> [The task] Your answer should consist only of the lines below from the one with "EARLY CHINO TROUSERS" through the one with "Otterbox iPhone 17", copied exactly.

*** Given data Section Begins ***

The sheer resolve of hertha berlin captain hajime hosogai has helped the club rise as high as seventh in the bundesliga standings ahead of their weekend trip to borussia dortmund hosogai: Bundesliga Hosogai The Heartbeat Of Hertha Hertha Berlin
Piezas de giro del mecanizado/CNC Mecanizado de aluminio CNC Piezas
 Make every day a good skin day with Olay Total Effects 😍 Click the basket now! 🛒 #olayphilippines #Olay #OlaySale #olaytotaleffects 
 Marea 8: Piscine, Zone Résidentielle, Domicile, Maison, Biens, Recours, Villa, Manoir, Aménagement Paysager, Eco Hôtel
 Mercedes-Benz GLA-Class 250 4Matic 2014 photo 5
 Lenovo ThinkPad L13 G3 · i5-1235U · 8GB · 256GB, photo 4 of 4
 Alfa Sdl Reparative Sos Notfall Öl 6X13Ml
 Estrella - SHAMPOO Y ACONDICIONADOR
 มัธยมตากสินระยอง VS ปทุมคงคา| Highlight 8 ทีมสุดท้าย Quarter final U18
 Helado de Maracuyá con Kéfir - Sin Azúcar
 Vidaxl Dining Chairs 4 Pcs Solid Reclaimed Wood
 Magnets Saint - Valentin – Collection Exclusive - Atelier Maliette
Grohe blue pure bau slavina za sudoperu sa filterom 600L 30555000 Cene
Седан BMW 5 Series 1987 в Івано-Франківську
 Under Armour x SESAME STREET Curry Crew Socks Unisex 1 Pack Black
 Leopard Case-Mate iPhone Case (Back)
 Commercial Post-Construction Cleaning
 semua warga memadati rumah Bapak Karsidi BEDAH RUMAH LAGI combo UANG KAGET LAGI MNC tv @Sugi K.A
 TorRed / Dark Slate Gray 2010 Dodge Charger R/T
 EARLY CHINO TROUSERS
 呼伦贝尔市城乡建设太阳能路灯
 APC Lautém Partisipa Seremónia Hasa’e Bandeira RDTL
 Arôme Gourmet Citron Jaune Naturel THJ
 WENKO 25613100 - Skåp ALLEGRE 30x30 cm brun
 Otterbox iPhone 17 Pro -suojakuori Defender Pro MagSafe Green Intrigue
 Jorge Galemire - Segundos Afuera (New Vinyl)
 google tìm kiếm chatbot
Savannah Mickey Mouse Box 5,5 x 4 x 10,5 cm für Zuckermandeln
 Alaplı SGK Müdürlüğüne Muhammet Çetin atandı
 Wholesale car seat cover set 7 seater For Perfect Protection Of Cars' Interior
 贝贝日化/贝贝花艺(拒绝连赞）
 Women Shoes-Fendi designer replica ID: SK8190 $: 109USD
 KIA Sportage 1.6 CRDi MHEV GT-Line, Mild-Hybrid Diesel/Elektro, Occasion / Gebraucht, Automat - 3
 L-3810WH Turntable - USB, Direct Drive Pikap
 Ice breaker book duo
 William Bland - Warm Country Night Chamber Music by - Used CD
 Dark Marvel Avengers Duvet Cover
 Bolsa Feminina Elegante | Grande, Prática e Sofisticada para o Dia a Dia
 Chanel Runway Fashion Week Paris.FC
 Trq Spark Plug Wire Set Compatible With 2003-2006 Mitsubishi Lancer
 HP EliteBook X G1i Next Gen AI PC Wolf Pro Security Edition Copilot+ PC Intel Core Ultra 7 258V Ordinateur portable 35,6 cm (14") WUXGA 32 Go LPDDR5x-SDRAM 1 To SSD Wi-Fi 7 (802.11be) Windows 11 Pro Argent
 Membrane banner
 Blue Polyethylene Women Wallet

*** Given data Section Ends ***

> [Answer for the task]
 EARLY CHINO TROUSERS
 呼伦贝尔市城乡建设太阳能路灯
 APC Lautém Partisipa Seremónia Hasa’e Bandeira RDTL
 Arôme Gourmet Citron Jaune Naturel THJ
 WENKO 25613100 - Skåp ALLEGRE 30x30 cm brun
 Otterbox iPhone 17 Pro -suojakuori Defender Pro MagSafe Green Intrigue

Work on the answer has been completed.